La música, el kif y el mundo

Desafío a la identidad. Viajes 1950–1993, de Paul Bowles

Con Desafío a la identidad, de Paul Bowles, accedí al interior de un hombre culto, obsesivo con el movimiento, ese que impulsa a viajeros que son de cierta forma trashumantes. ¡Finalmente alguien que podía describir más que el té marroquí!

Paul Bowles en 1987, cerca de su casa en Tánger, Marruecos. Fotografía de Ulf Andersen / Getty.
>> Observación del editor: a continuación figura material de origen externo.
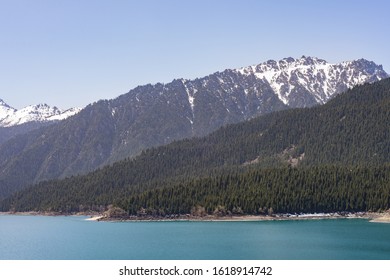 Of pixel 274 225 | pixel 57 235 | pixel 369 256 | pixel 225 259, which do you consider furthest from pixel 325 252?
pixel 57 235

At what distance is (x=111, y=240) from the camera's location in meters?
155

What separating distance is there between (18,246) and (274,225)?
260ft

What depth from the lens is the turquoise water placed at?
121319mm

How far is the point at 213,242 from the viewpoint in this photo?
143 meters

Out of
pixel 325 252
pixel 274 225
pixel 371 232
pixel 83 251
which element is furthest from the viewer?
pixel 274 225

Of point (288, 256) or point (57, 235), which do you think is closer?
point (288, 256)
Desde el extinto siglo XX Paul Bowles lanza una frase vigente en esta era de imágenes de países lejanos a los que se accede con un tipeo electrónico: los diarios de viajes son “el relato de lo que le ocurrió a una persona en determinado lugar, y nada más que eso”. De un tajo se limpia el panorama. Queda pues un pulido número de quienes van a leerle: seres mercuriales, seres ávidos, con la extraña afición a dislocar su imaginación, a mezclar en una taza de café la sangre de una narración.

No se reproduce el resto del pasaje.